== SUPPLIED INFORMATION ==
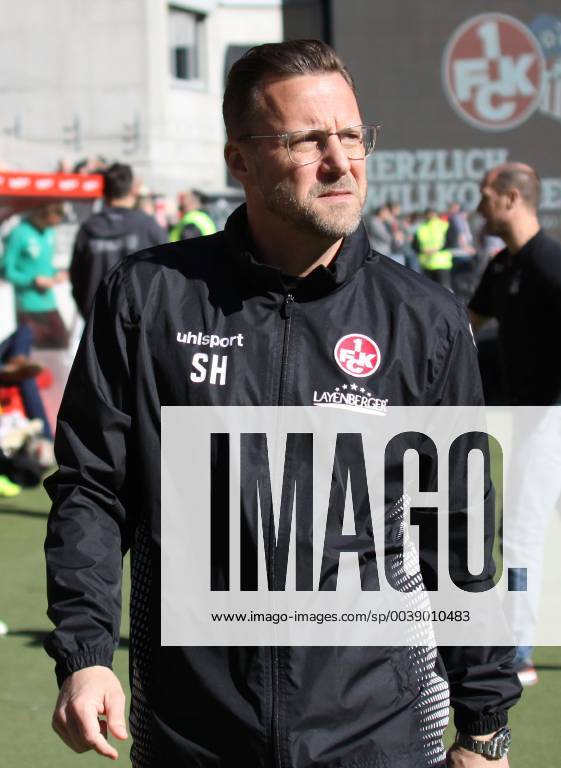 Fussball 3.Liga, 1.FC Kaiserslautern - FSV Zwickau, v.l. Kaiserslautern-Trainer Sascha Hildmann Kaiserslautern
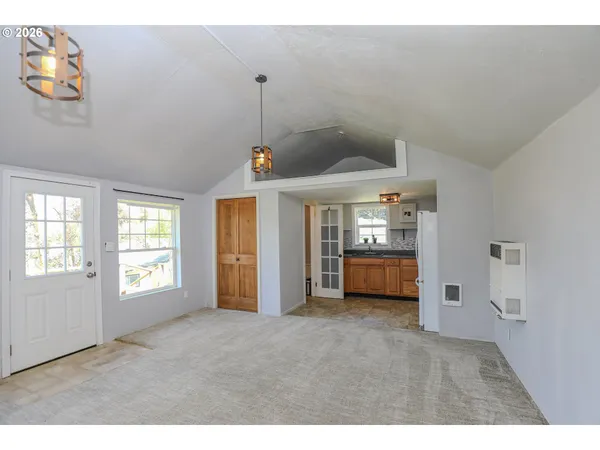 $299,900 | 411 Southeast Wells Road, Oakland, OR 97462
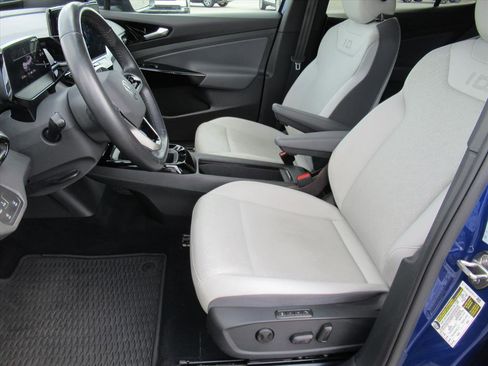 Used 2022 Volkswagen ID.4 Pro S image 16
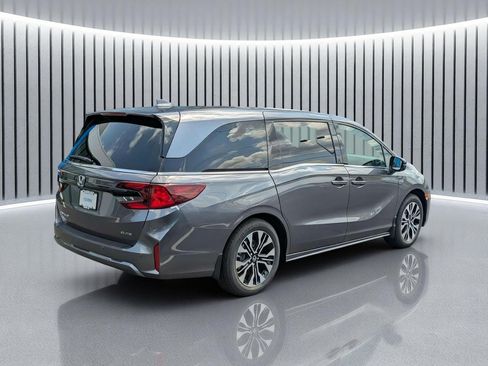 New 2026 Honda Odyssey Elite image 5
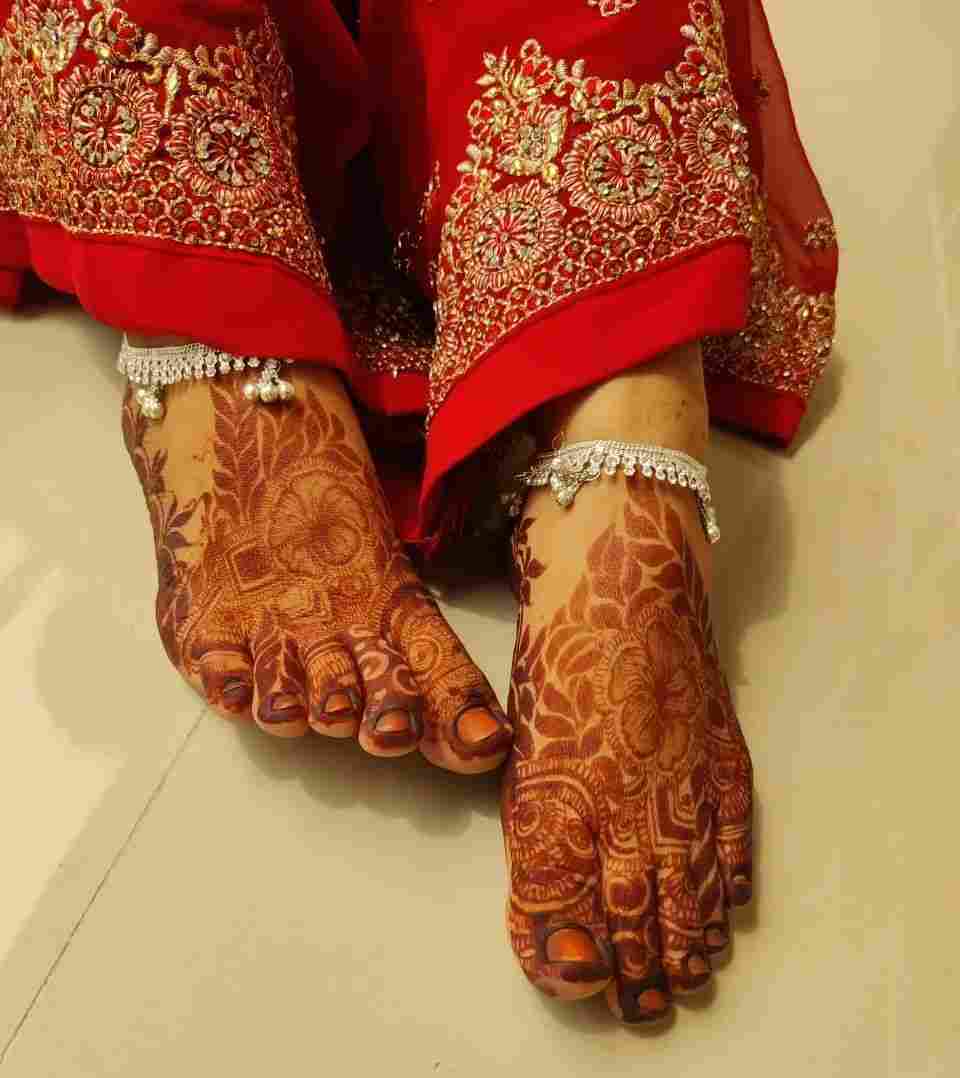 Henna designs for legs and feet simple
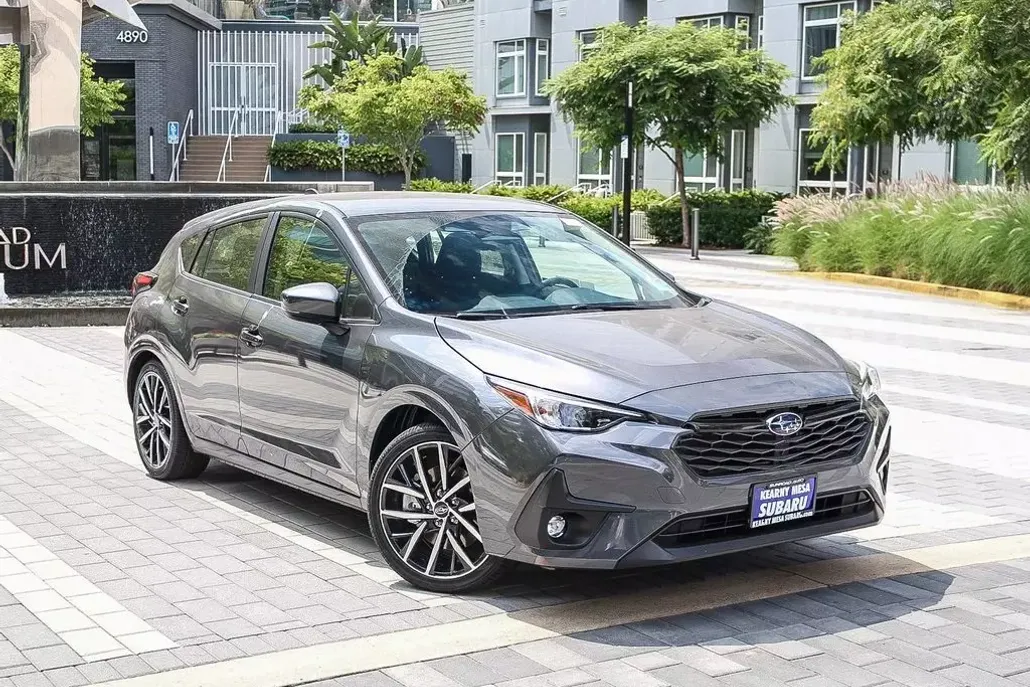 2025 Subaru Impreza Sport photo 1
===
## TASK TO CARRY OUT
What is needed is an exact transcription of every entry, minus the pictures.

## EXERCISE OUTPUT
 Fussball 3.Liga, 1.FC Kaiserslautern - FSV Zwickau, v.l. Kaiserslautern-Trainer Sascha Hildmann Kaiserslautern
 $299,900 | 411 Southeast Wells Road, Oakland, OR 97462
 Used 2022 Volkswagen ID.4 Pro S image 16
 New 2026 Honda Odyssey Elite image 5
 Henna designs for legs and feet simple
 2025 Subaru Impreza Sport photo 1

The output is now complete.